Alors on pourra dire mille choses sur cet opéra. On pourra saluer un cast héroïque qui a su se hisser à la hauteur du mythe. On pourra parler de leur son de chœur magique émanant des coulisses. On retiendra quelques beaux mots du livret, l’humour qui s’y invite par touches, et les couleurs nouvelles que Michel Petrossian a peintes avec de l’ancien. On admirera ces instruments du « XIXe siècle… avant Jésus-Christ » comme il s’amuse à dire, et qui nous plongent dans le monde archaïque de la Bible. On choisira entre « sobre » et « chiche » pour qualifier la mise en scène, et on s’étonnera de la poésie d’un sac plastique.

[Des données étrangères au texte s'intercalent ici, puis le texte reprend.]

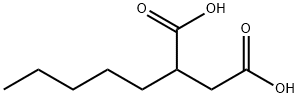 2-AMYL SUCCINIC ACID Struktur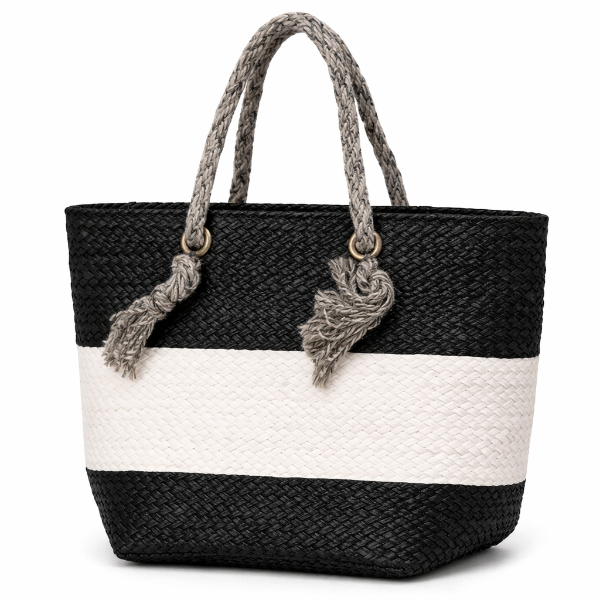 صورة حقيبة ايطالية بيضاء في سوداء للنساء (ALEX MAX)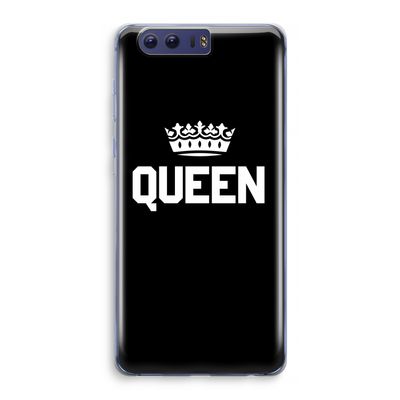 Queen zwart: Honor 9 Transparant Hoesje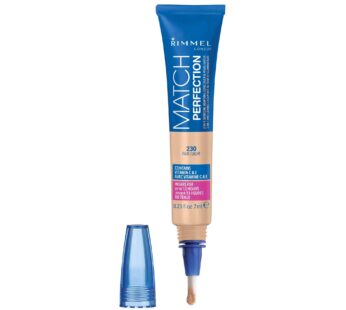 Rimmel Match Perfection 2-in-1 Concealer and Highlighter, Fair Light, 0.23 Ounce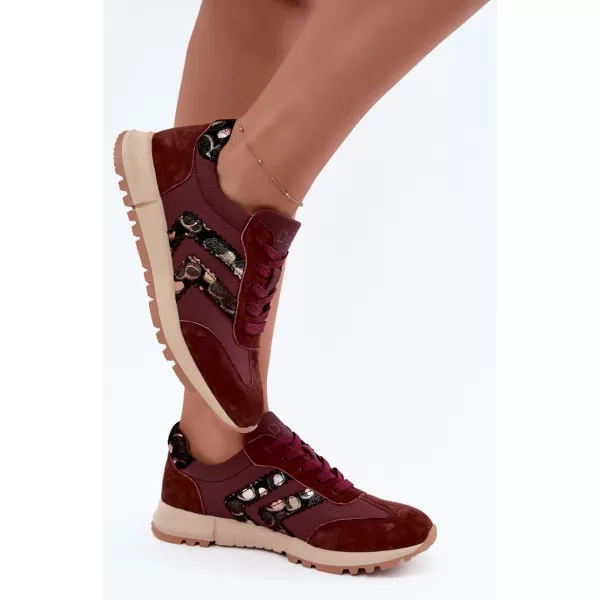  Dámske tenisky D&A GR62-6015 BURGUNDY 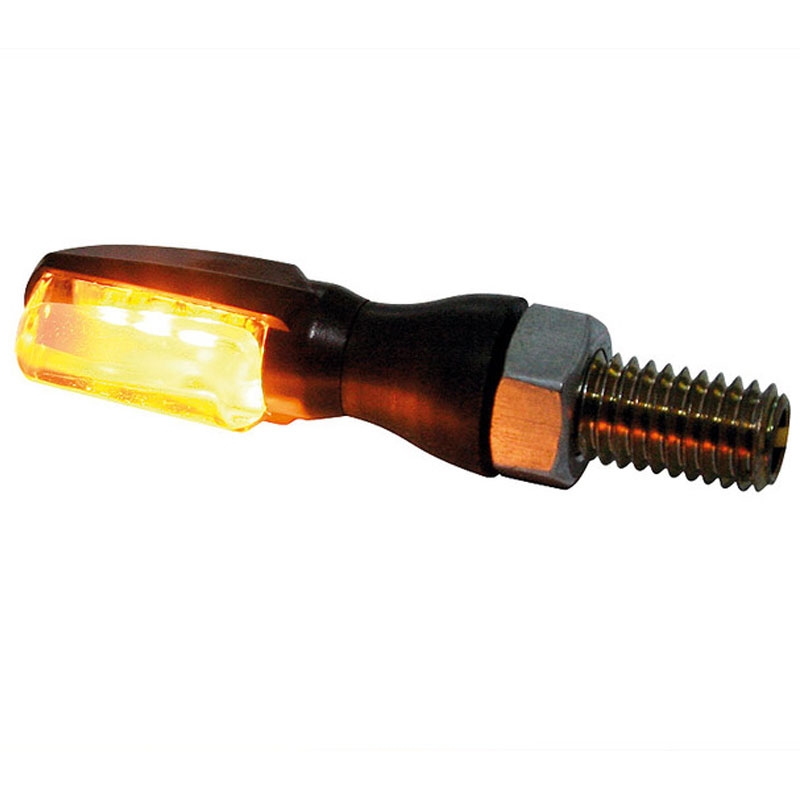 "Highsider Smart SPARK LED" juodi motociklų mirksintys žibintai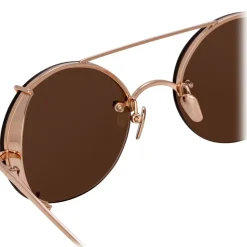 Linda Farrow - 730 C3 Oval Sunglasses - Rose Gold - Linda Farrow Eyewear - Avvenice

© Giulia Charbit La Cité Bleue

Mais rien ne pourra nous défaire de cette impression d’avoir, dès les premières notes du prologue, plongé dans une brume épaisse où la lumière ne peut entrer qu’en forçant sa nature. Dans cette fumée toxique de son et de matière emmêlés, dans les décombres d’une vie brisée et dans la quête impossible de la vérité, une question reste, posée par Job en même temps que les habitants de Stepanakerk, Chareqtar ou Keriya : « Pourquoi moi ? »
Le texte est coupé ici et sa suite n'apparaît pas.